Ofcourse different people will always have different opinions on every different thing in life and breeding of dogs is one such emotive subject.

I have found some of the answers in this thread rude and patronising and full of self importance but it would be a boring world if everyone agreed with each other.

Lets just help where we can, Agree to disagree and carry on with a good forum, One which i hope to get alot of help from in the future.


----------



## dad 2 a welshie (Jan 26, 2008)

Oh and if a small hobby breeder gets this kind of reaction, God forbid any PUPPY farmers.

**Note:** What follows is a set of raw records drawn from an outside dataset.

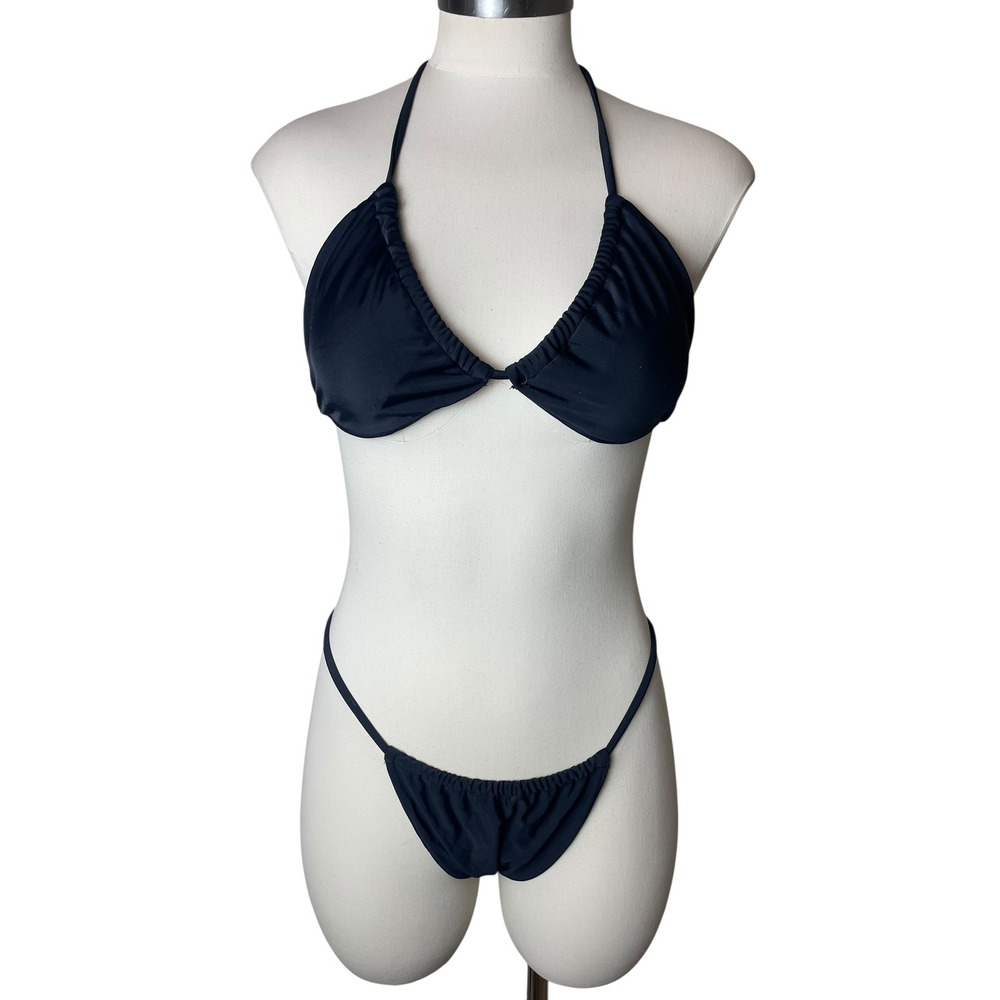 Black Minimal String Bikini Set Cheeky Resort Swimwear‎ Size Medium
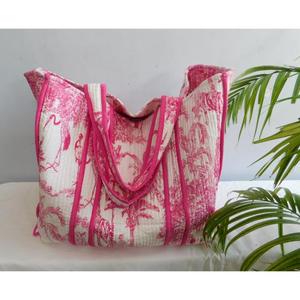 SR Exports Handmade Cotton Block Printed Tote <b>Bag</b> Zipper Closure Reusable Beach Shopping <b>Bag</b> <b>Boho</b> Indian Fashion Shoulder - Product Image 1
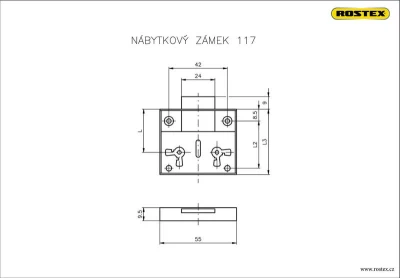Rostex Zámek nábytkový 117/30 klíč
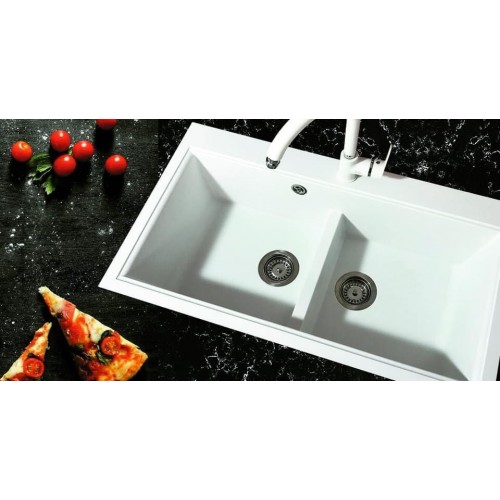 EVIER GRANIT 2 BACS BLANC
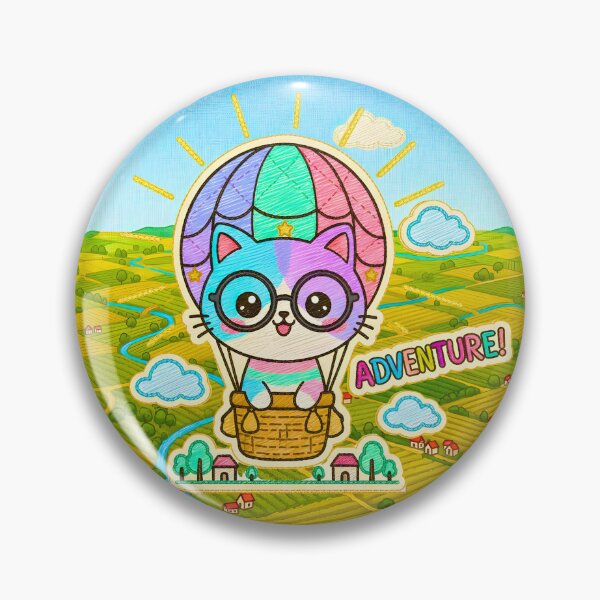 Item preview, Multicolor Chibi Kitten Embroidery Hot Air Balloon Glasses Adventure designed and sold by JOSTH.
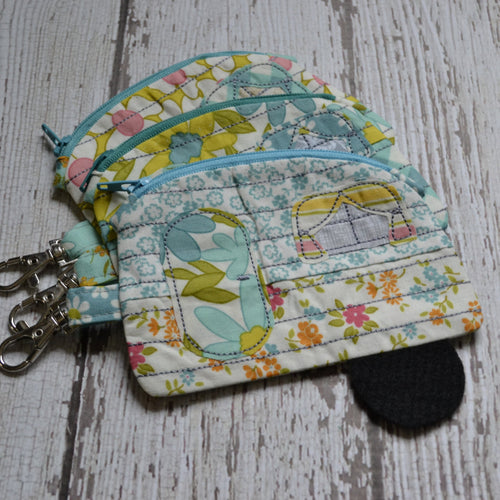 Camper Shaped Coin Purse -Re-Purposed Fabric - Group N - (3)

Now thats the people you should all be up in arms about and doing your best to get stopped and then you would reduce the puppy population by a big percentage.

Anyone that has 1 or more litters a year should i think be licenced and registared with their local council and should even be inspected at random and if anything is a miss should have their licence revoked there and then and only getting it back when standards have been met.

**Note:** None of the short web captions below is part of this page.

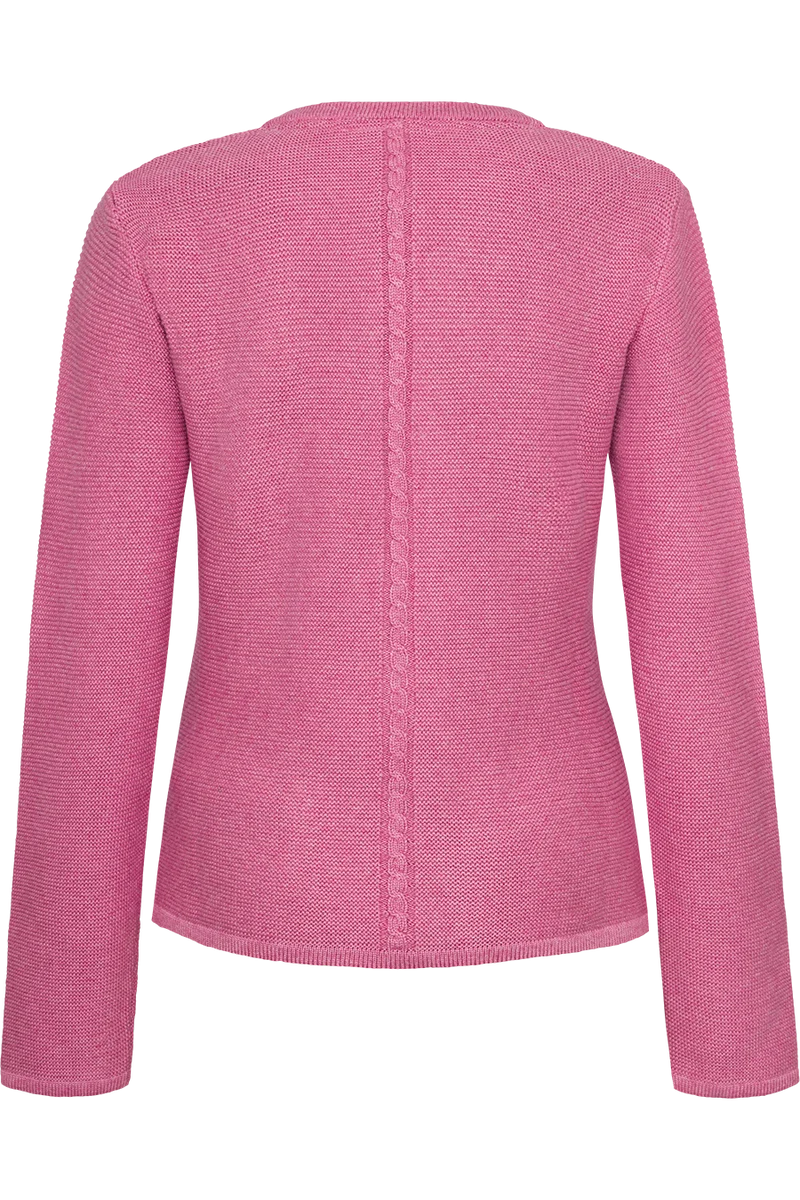 Damen Strickjacke mit Zopfmuster und Perlmuttknöpfen - altrosa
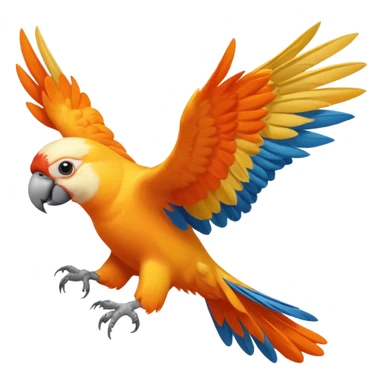 orange parrot cockatiel bird flying sticker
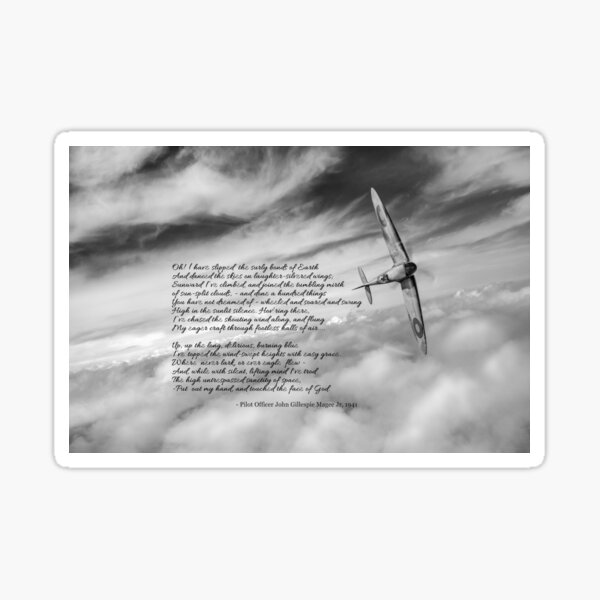 Vista previa del artículo con la obra «High Flight Spitfire versión solo B & W», diseñado y vendido por Flight Artworks.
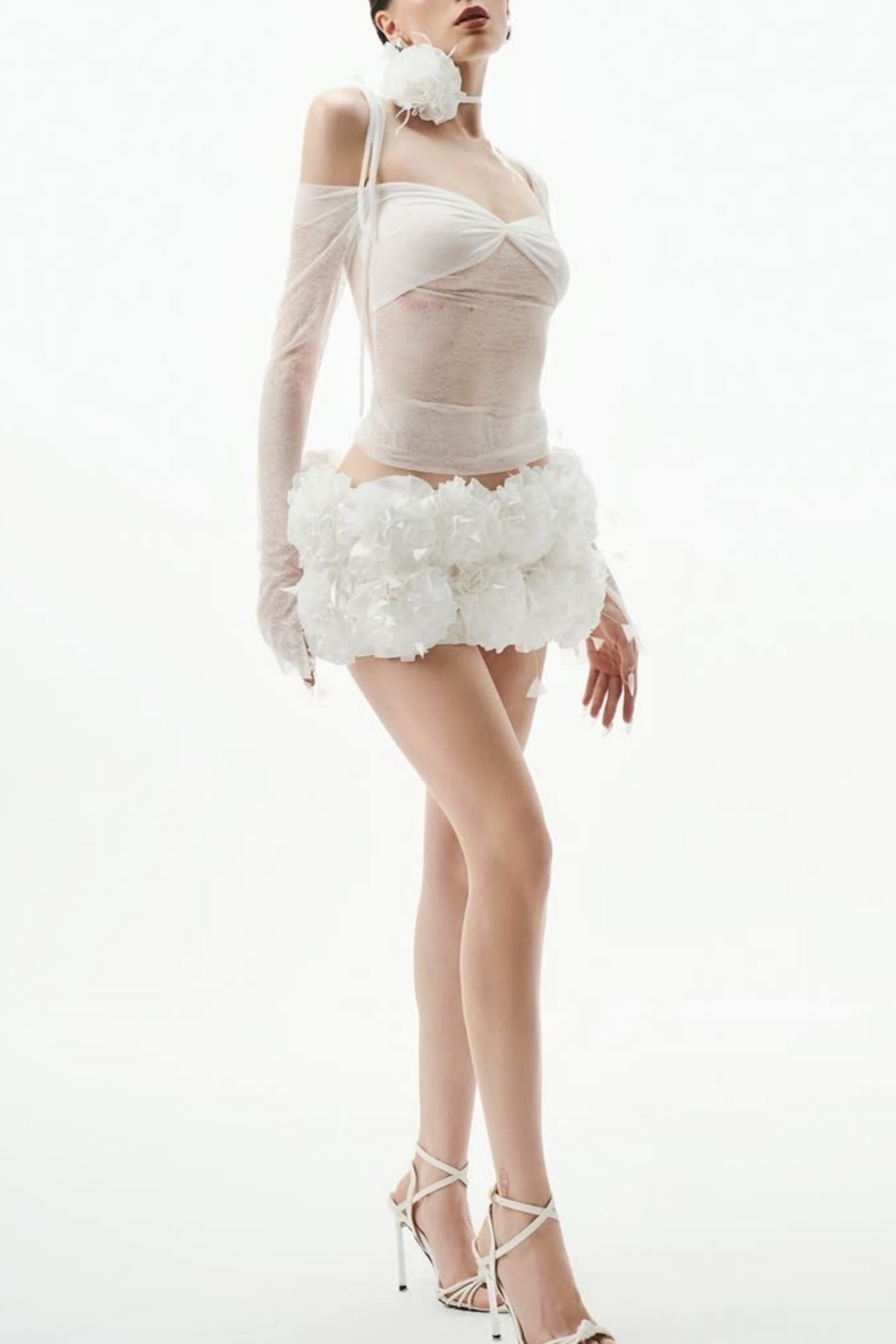 Ariat Lace Floral Appliqué Two Piece Set - White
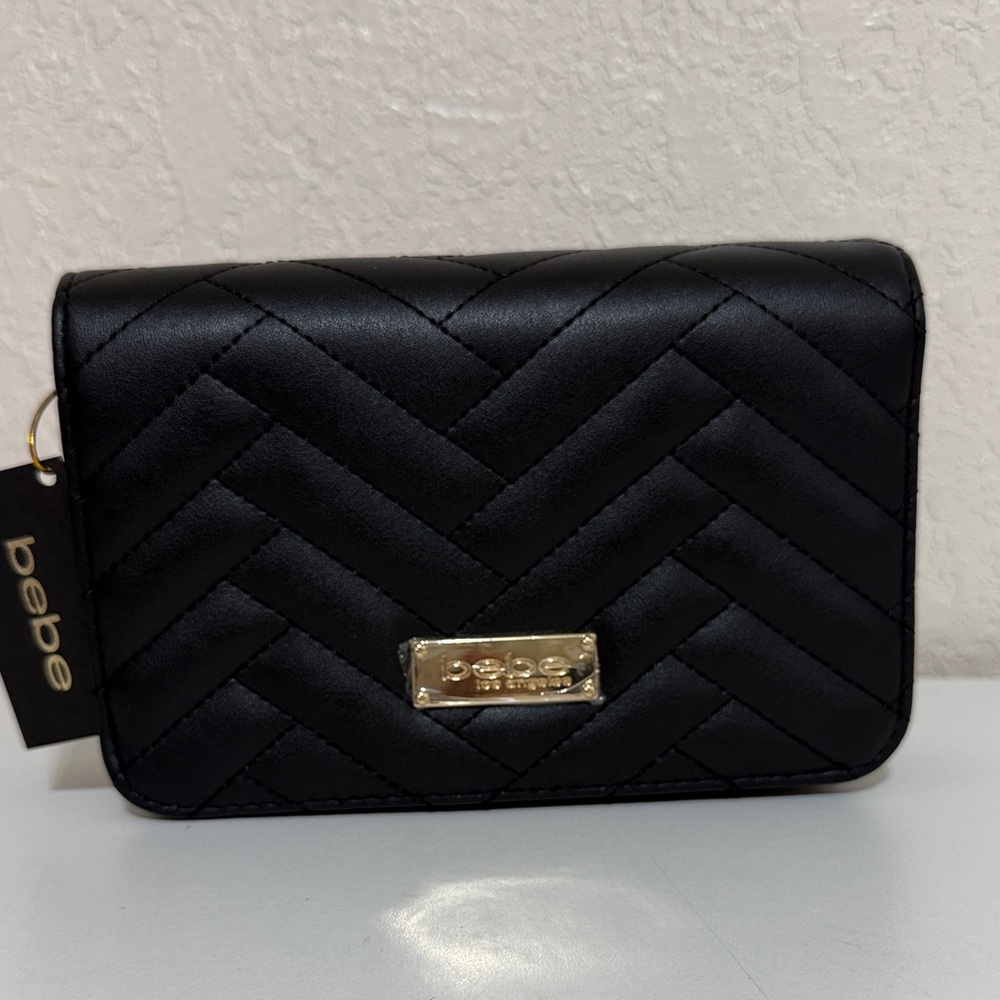 Bebe Black Quilted Crossbody Bag with Gold Accents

We should be making it as difficult as possible for those people who think its a cash cow to be milked and not breeding for the good of the breed.

Sorry if this has upset anyone but there are far too many puppies and dogs in rescues and its high time things changed for the animals sake.


----------



## Moosesmummy (Nov 20, 2007)

Ok the OP is in America so lets look at what the is the recommendation for health tests for Labs then 

Hip scoring should only happen at two years old and OFA Xrays at one year old so how come the bitch has had 3 litters by 3 3 1/2 years old 

So as you have said _if anything is a miss_ then why is it right ?

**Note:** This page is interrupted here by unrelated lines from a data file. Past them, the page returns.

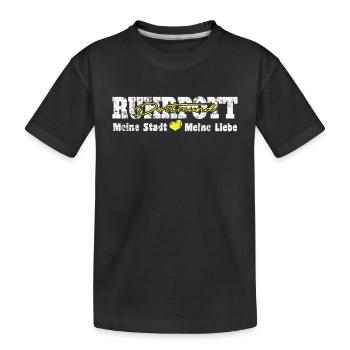 Ruhrpott Dortmund Meine Stadt meine Liebe Herz - Kinder Premium Bio T-Shirt - Schwarz - Vorne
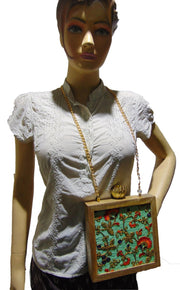 Wooden Box Embroidery Clutch Bag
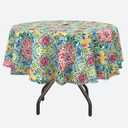 Outdoor Tablecloth with Umbrella Hole and Zipper Rectangle 60" x 84", Spring/Summer Floral Picnic Table Cover Water Repellent Fabric for Patio/Garden/Picnic/Party Table,Damask Red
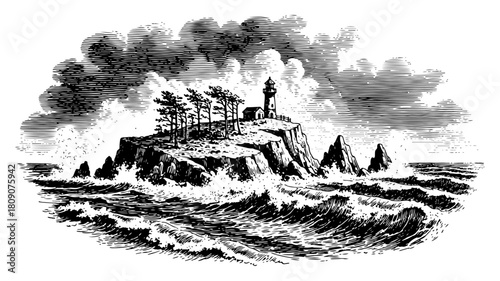 Rocky Island Lighthouse with Stormy Sea Waves Vintage Engraving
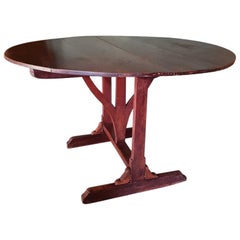 Antique French Mahogany Colored Wine Table from the Champagne Region
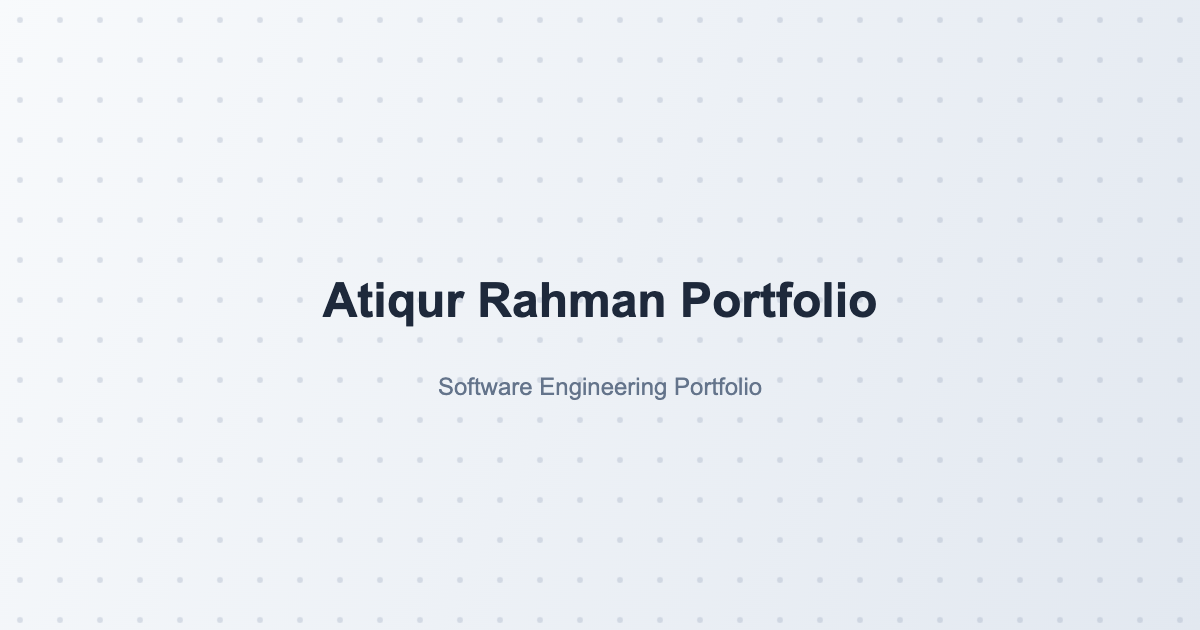 Atiqur Rahman Portfolio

The OP is probably a very nice but doesn't mean to say they have a clue what they are doing when it comes to the welfare of the bitch in question.

Please lets look at the welfare of ANY Lab if bred form a reputable, BYB or a Puppy farmer. We should should have the same standards what ever the breeder 

_Sorry if this has upset anyone but there are far too many puppies and dogs in rescues and its high time things changed for the animals sake. _

Have a look here and maybe you can see a little more insight to the BYB problem.

No Puppy Mills Canada - What is a Puppy Mill?

*Of the 52.9 million dogs who live in the United States, approximately 2.9 million of them are killed in shelters annually (AVMA, 1998, and AHA, 1998). Where do all these dogs come from? Puppy mills churn out 20% of the total number of dogs whelped yearly, and roughly 1% are the results of feral dogs reproducing on their own. Less than 12% come from breeders who actively test their stock in conformation, obedience, and field trials. Backyard breeders, or people who breed their dogs without testing and certifying their stock, produce nearly 67% of all the dogs born annually in this country (Gardner, 1994)1.*

Sorry but the figures really do speak for themselves


----------



## dad 2 a welshie (Jan 26, 2008)

Well there you are then,Backyard breeders, or people who breed their dogs without testing and certifying their stock, produce nearly 67% of all the dogs born annually in this country (Gardner, 1994)1.

Get rid of all the backyard breeders and that would be over half of the population of dogs born every year wouldnt it.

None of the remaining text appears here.